From the first line to the last, output the records exactly and drop any images.

[Records contained in a dataset]
==*==

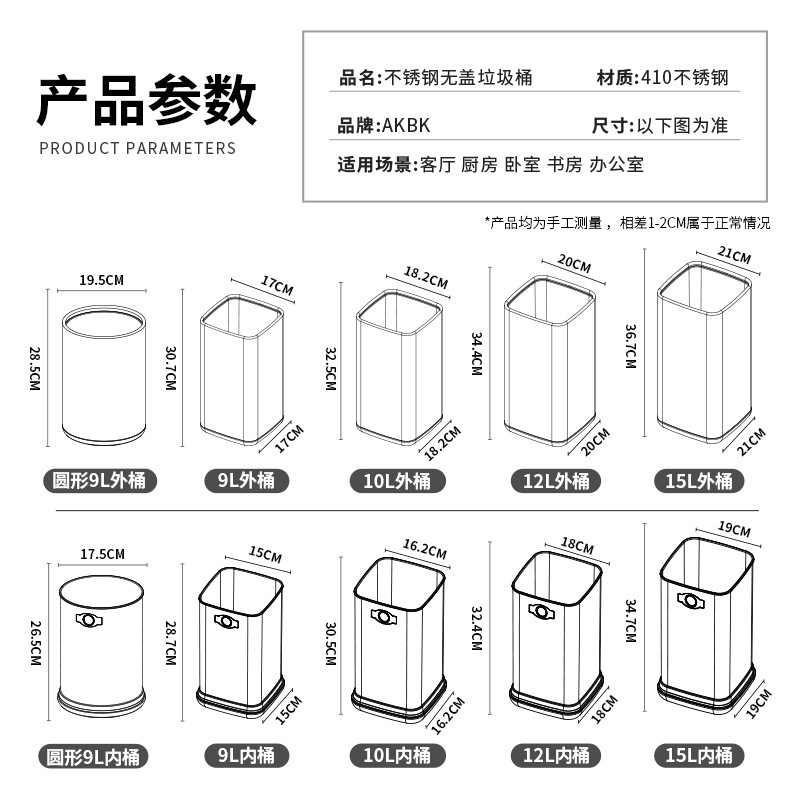 ゴミ箱家庭用リビングステンレスオフィスホテル商用キッチン大容量寝室高顔値軽贅沢|undefined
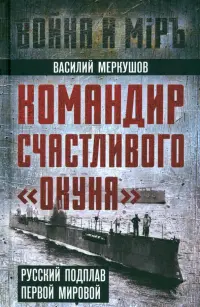 Командир счастливого «Окуня»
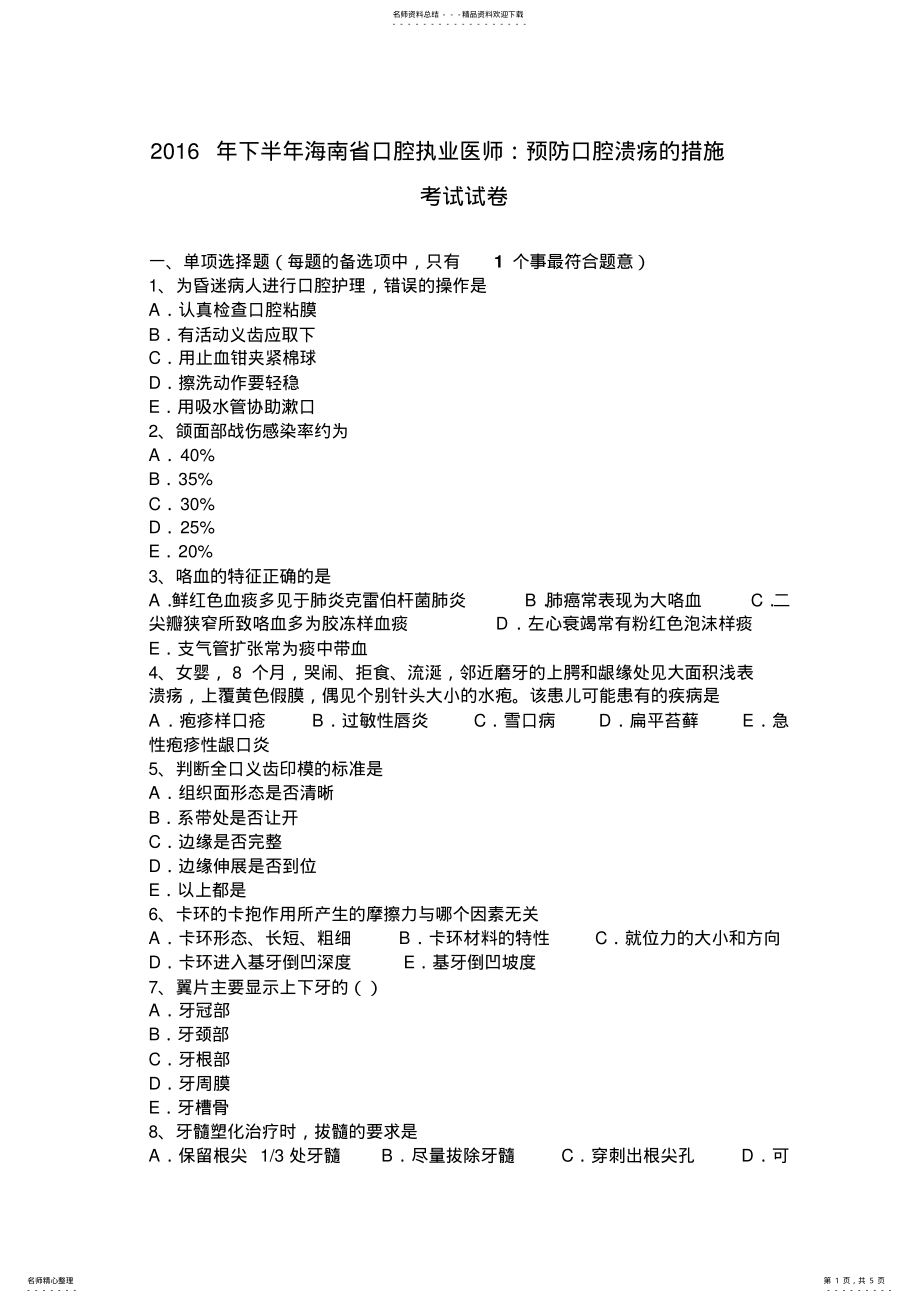 2022年下半年海南省口腔执业医师：预防口腔溃疡的措施考试试卷 .pdf_第1页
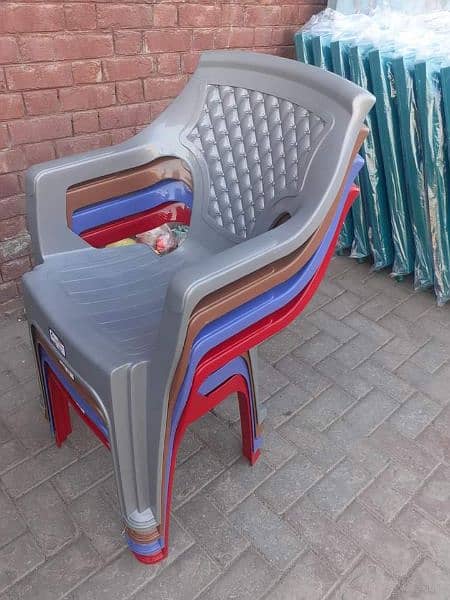 Rattan plastic sofa chair 14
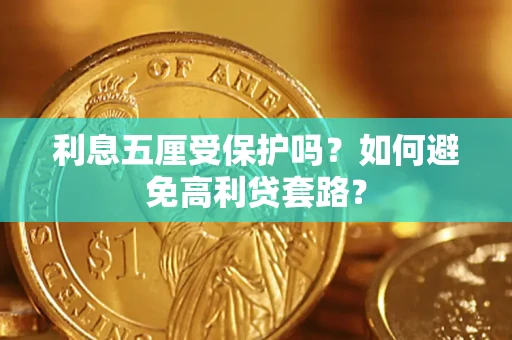 北京利息五厘受保护吗？如何避免高利贷套路？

==*==

### [Result for this exercise]
 ゴミ箱家庭用リビングステンレスオフィスホテル商用キッチン大容量寝室高顔値軽贅沢|undefined
 Командир счастливого «Окуня»
 2022年下半年海南省口腔执业医师：预防口腔溃疡的措施考试试卷 .pdf_第1页
 Rattan plastic sofa chair 14
 北京利息五厘受保护吗？如何避免高利贷套路？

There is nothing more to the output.